And now, with cornerbacks coach Vic Shealy being promoted to defensive coordinator and defensive line coach Buddy Wyatt bumped up to co-coordinator, the Jayhawks appear to be headed toward a slight change in the way they play defense.

Along with head coach Turner Gill, Shealy and Wyatt made sure to emphasize that the foundation for what KU would do on defense was in place, thanks to Torbush.

“Even though it’s been a short term here, it’s been a really important term,” Gill said of Torbush’s one year with the program. “I appreciate what he’s all about, and I know that he’s a person that’s going to continue to have KU in his heart and in his mind.”

Now it’s time for the fine-tuning.

The early word out of KU’s camp is that Shealy and Wyatt will coach pressure defense and strive to create havoc for opposing offenses. There’s even been talk of switching the base package from a 4-3 to a 3-4, a move that would allow KU to put more linebackers on the field and better utilize the speed it brought in at that position. That’s about as detailed as the group got about any upcoming philosophical shifts.

“I think you’ll see some changes,” Shealy said. “Inevitably, it’s going to happen when you get a different personality. There are many ways to skin a cat, and football is no different. I would rather not get too much into the scheme stuff because we would like to have some surprises out there in that first game or two.”

Added Gill: “We’re gonna do some things maybe just slightly different than we’ve done in the past, but it’s not gonna be a whole lot.”

Throughout the offseason, Torbush talked about improving the defense with better speed and better depth. On his way out, he continued to stress the importance of those elements while also touting how much a year of experience would help this year’s defense.

“There’s no question that will help them be better this year,” he said. “The more battle-tested you get and the experience that you gain, you can’t replace that.”

Torbush also was happy to give his endorsement to KU’s new defensive bosses.

“I have no doubt that the defense will be in great hands with Vic,” Torbush said. “I’ve known Vic a long, long time. He’s a tremendous football coach, he’s got great knowledge and will be a great leader of men. I’ve been around coach Wyatt for a number of years and he’s been around some great football coaches. I don’t have any doubt that he’ll be a great defensive coordinator, as well.”

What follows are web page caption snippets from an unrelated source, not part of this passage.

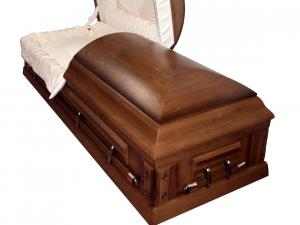 coffin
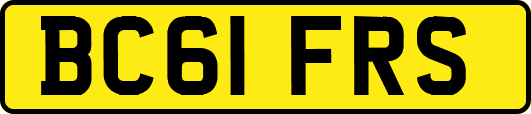 BC61FRS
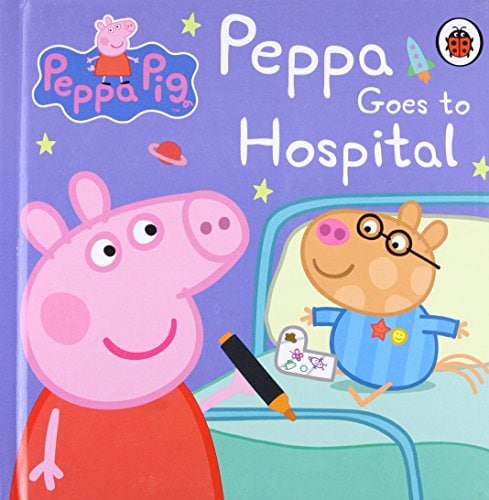 book peppa pig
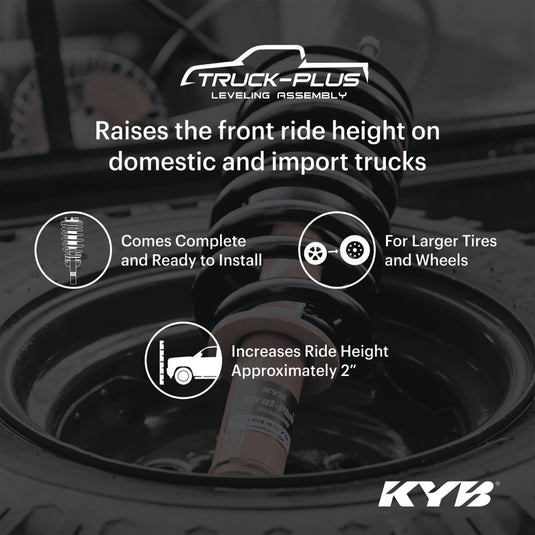 Kyb SRX4079 KYB Shocks & Struts Truck Plus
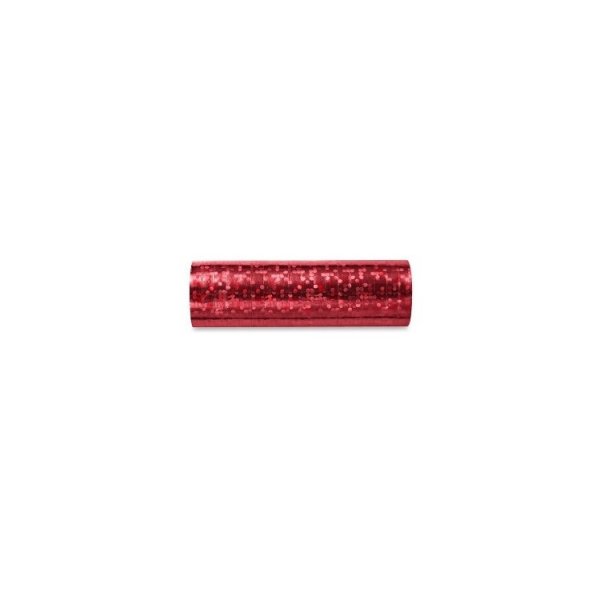 Streamers Metallic Red Streamers Metallic Red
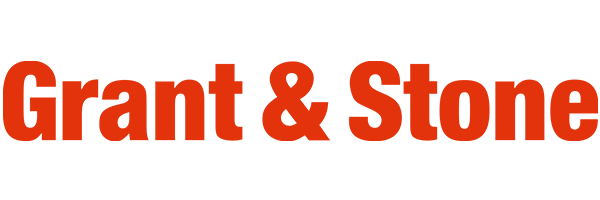 Grant & Stone logo 600×200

Torbush continued: “This program’s not gonna miss a beat. It’s just a situation right now that I feel like I need to move on with my life. I’ll never forget my time here. I’ve been at some great universities. Academically, it’s a great school. Athletically, it’s a great school. It’s got great tradition, great coaching staff, great facilities. They’ve got everything that needs to be here to have a chance to succeed.”